Goal of the exercise = Exactly the lines from the one containing "Purple gallinule, Tortuguero" through the end of the data, and nothing more, should be retyped; pictures stay out.

Dataset excerpt =
<<<<

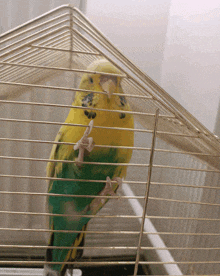 a yellow and green parakeet is sitting in a wire cage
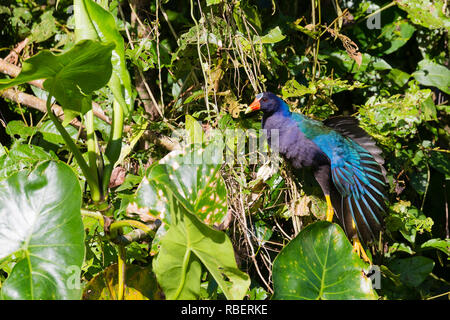 Purple gallinule, Tortuguero National Park, Costa Rica Stock Photo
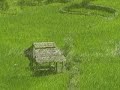 bali bali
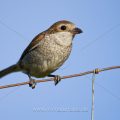 Neuntöter (Lanius collurio) Weibchen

>>>>

Solution =
 Purple gallinule, Tortuguero National Park, Costa Rica Stock Photo
 bali bali
 Neuntöter (Lanius collurio) Weibchen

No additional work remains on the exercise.